▶ _PROBLEM STATEMENT_:
The response should repeat word for word every line below from the one with "David James, British" to the one with "2024 Kia Seltos", inclusive, and nothing else; leave pictures out.

○ ○ ○ ○ ○ ○ ○

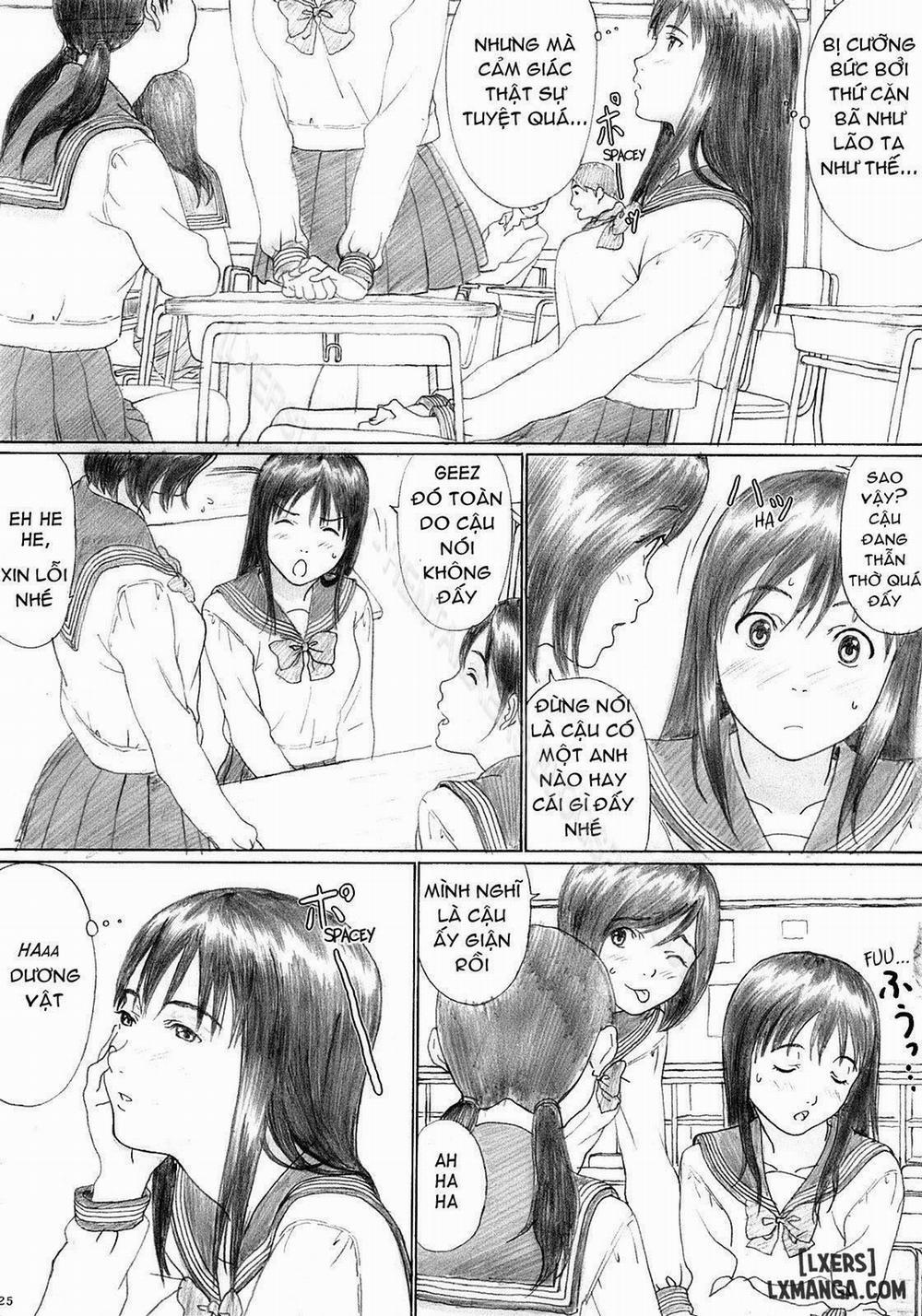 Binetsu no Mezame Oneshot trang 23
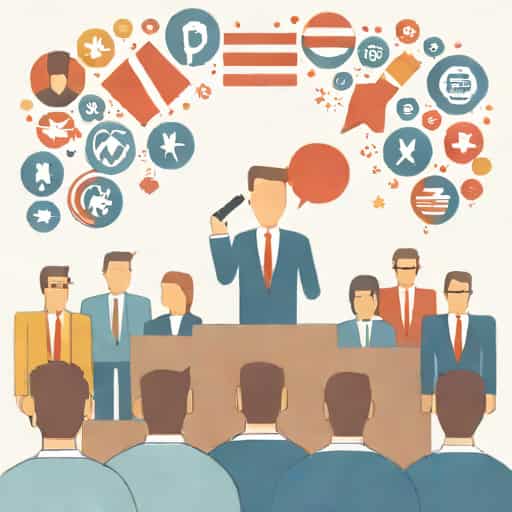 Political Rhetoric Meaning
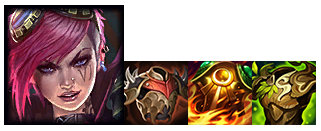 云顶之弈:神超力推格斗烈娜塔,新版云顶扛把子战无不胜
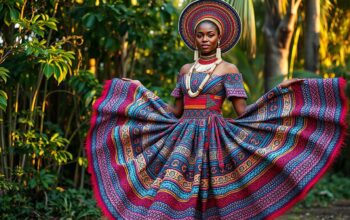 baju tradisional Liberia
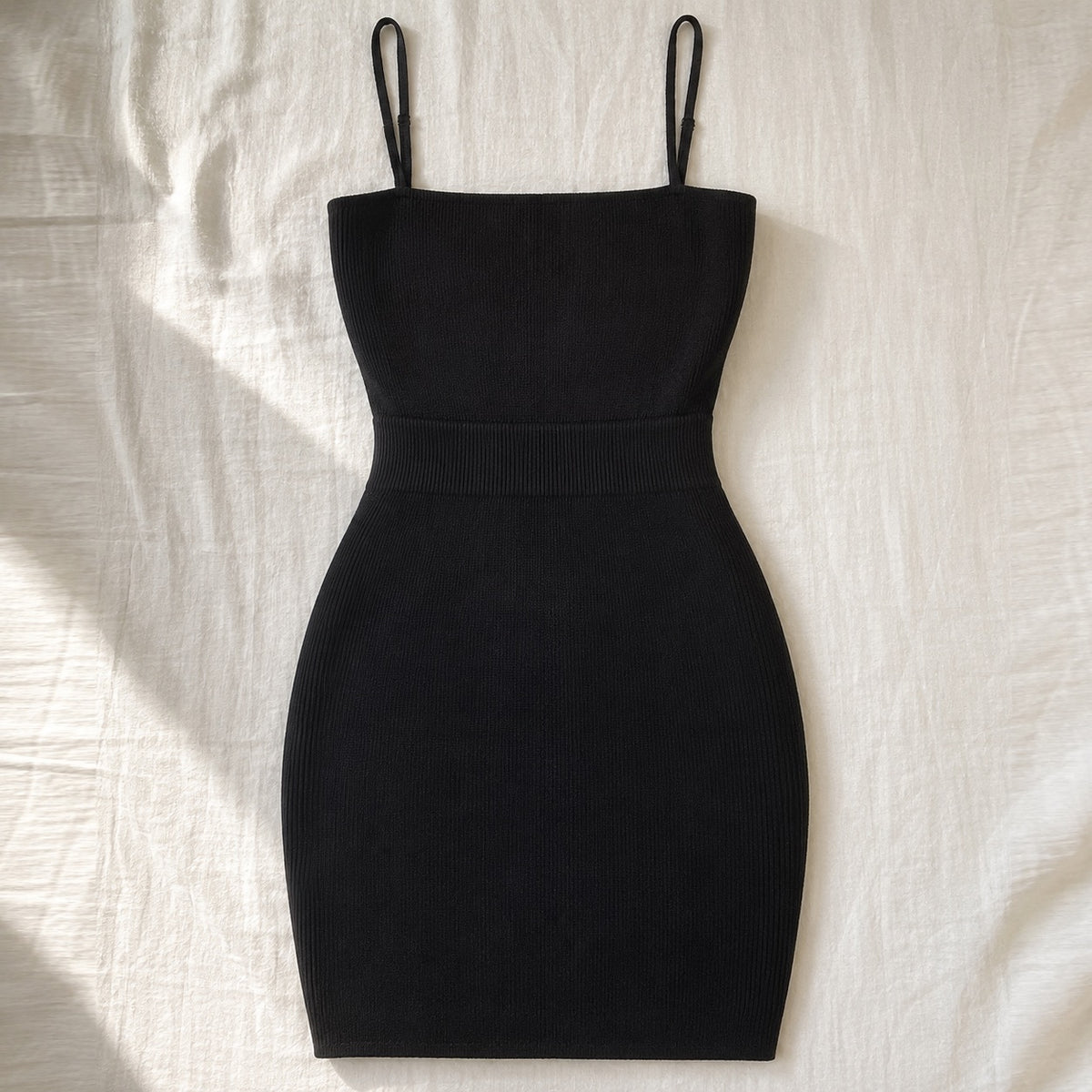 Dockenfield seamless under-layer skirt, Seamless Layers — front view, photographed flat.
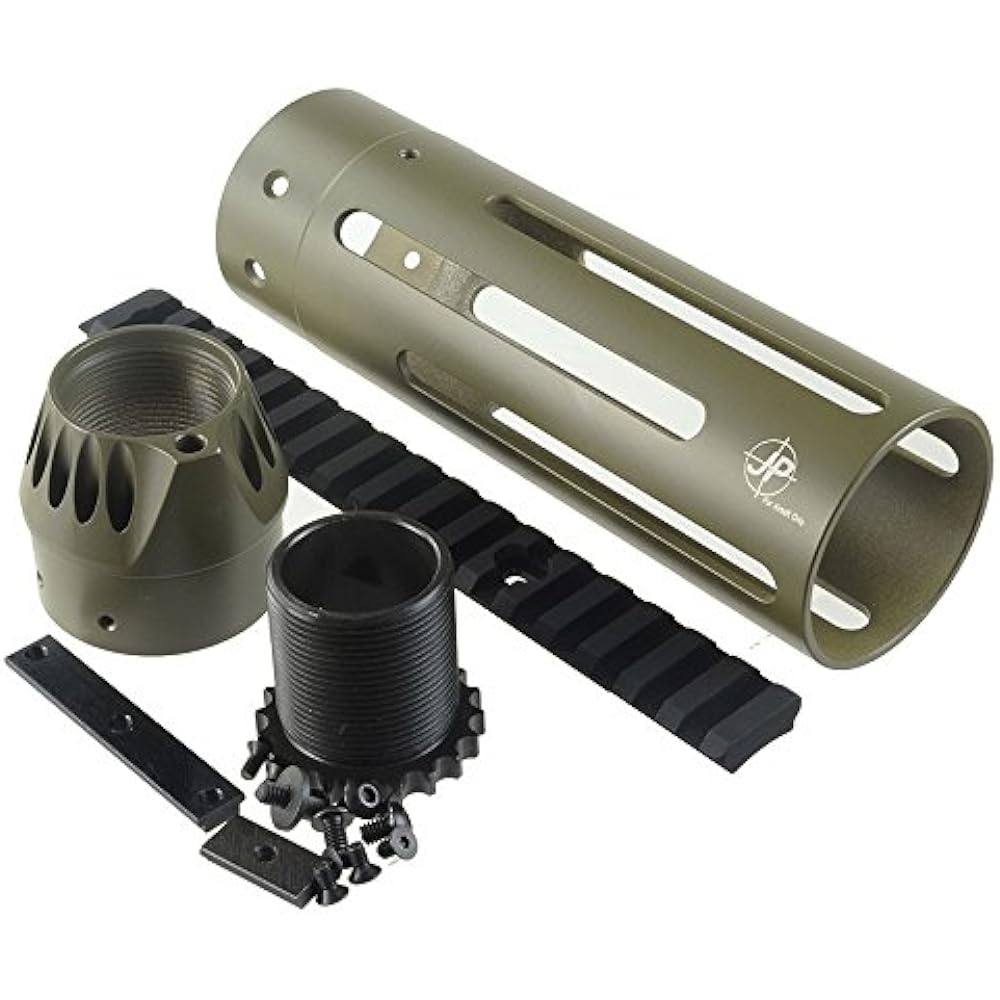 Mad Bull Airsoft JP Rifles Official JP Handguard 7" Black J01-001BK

○ ○ ○ ○ ○ ○ ○

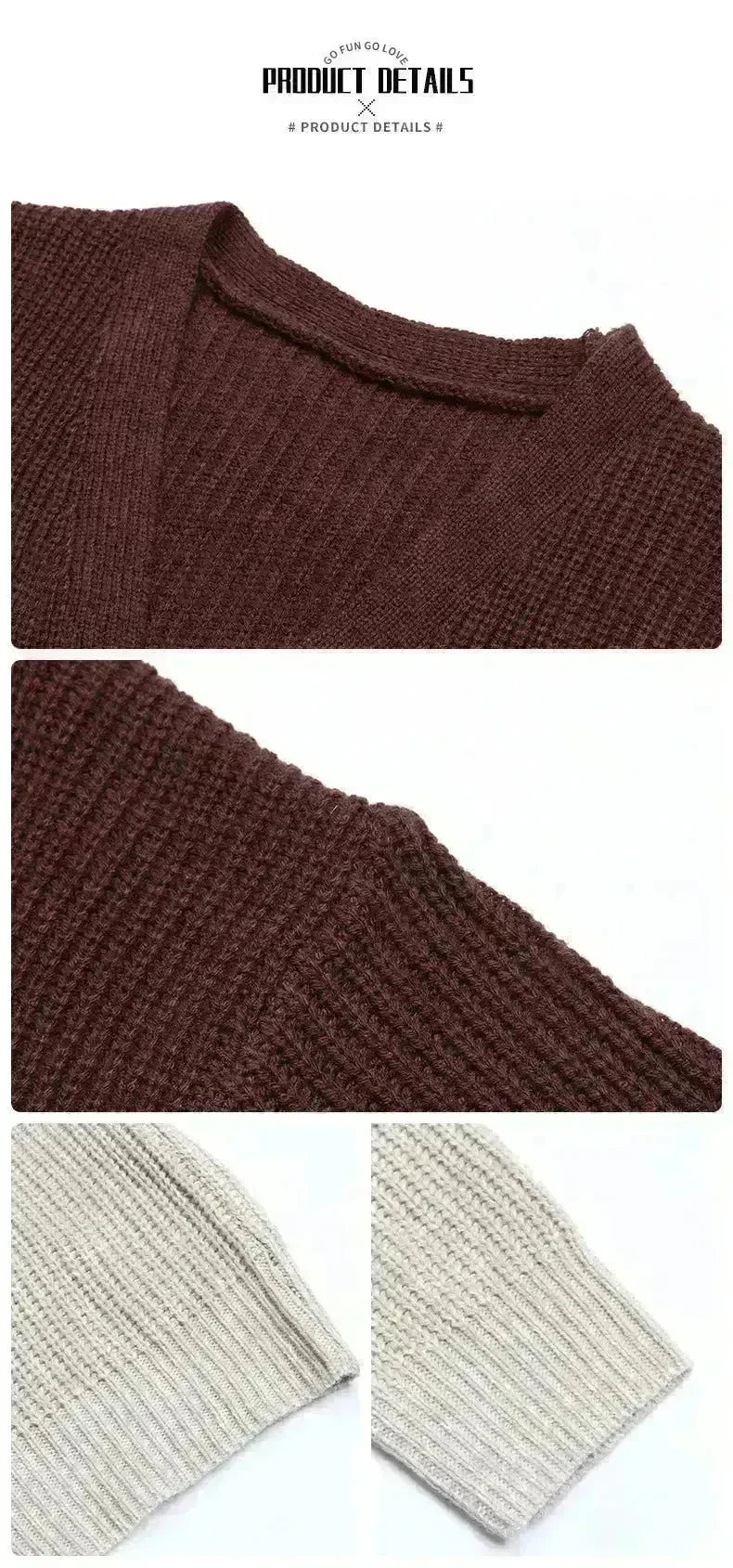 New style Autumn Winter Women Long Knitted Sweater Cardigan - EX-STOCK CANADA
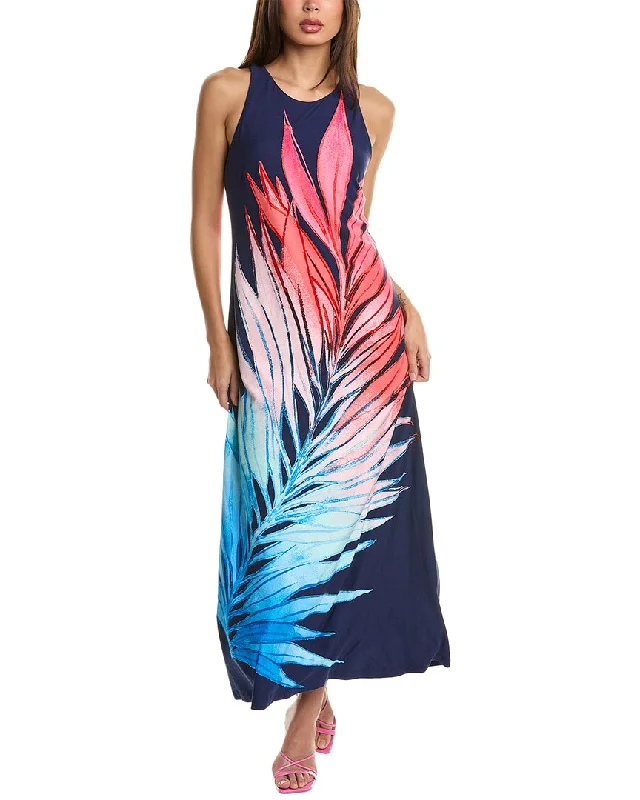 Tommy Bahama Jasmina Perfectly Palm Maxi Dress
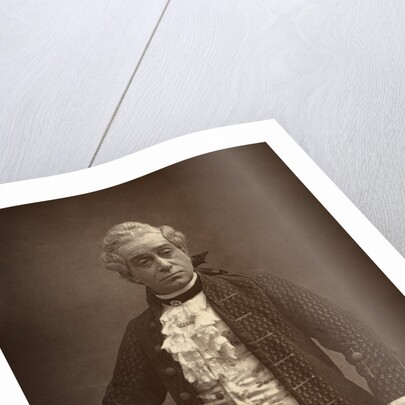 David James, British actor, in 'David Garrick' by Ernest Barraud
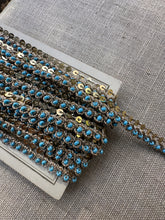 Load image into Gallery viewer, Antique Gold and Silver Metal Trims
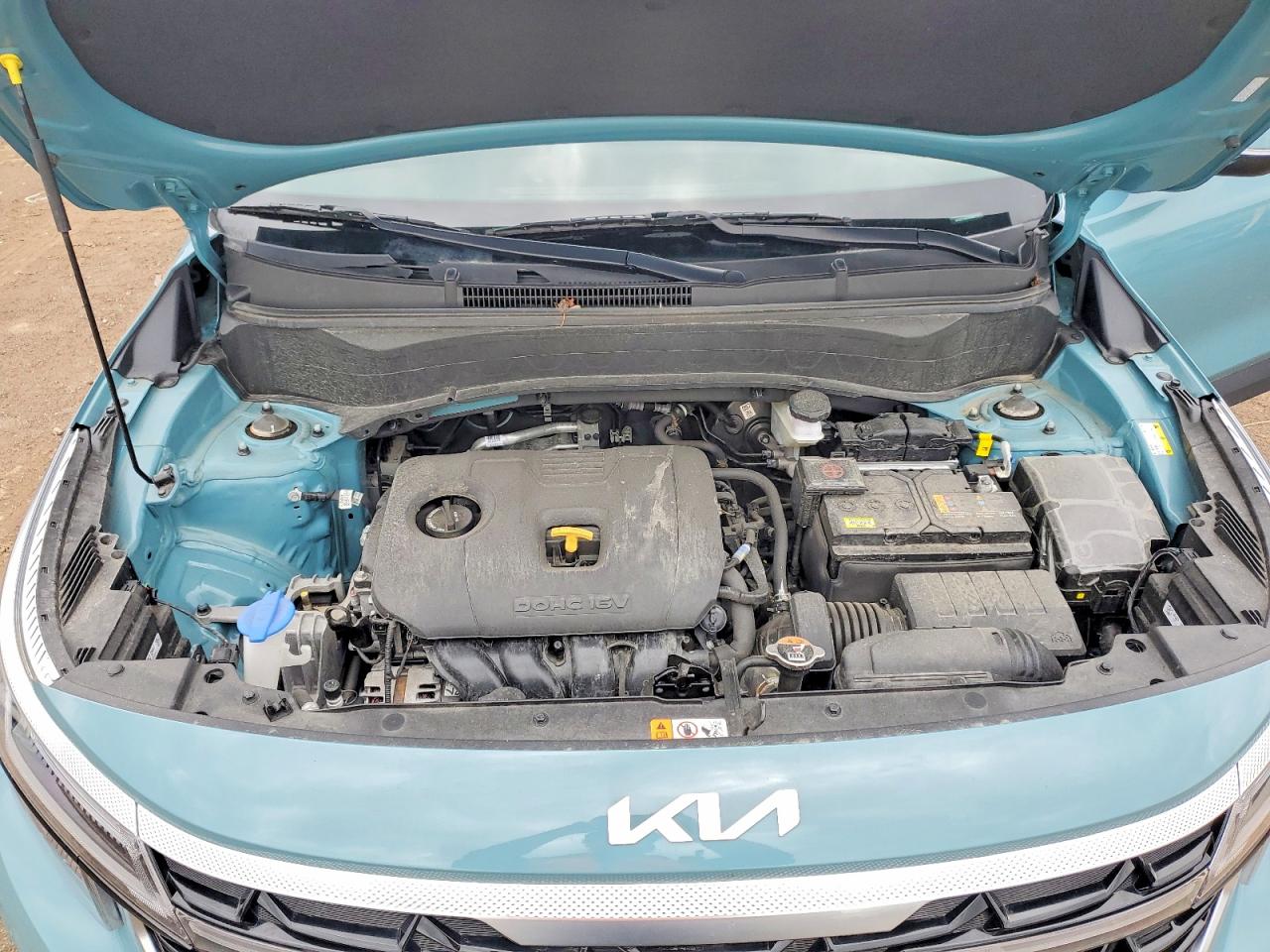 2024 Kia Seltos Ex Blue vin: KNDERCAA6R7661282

○ ○ ○ ○ ○ ○ ○

▶ _RESULT BELOW_:
 David James, British actor, in 'David Garrick' by Ernest Barraud
 Load image into Gallery viewer, Antique Gold and Silver Metal Trims
 2024 Kia Seltos Ex Blue vin: KNDERCAA6R7661282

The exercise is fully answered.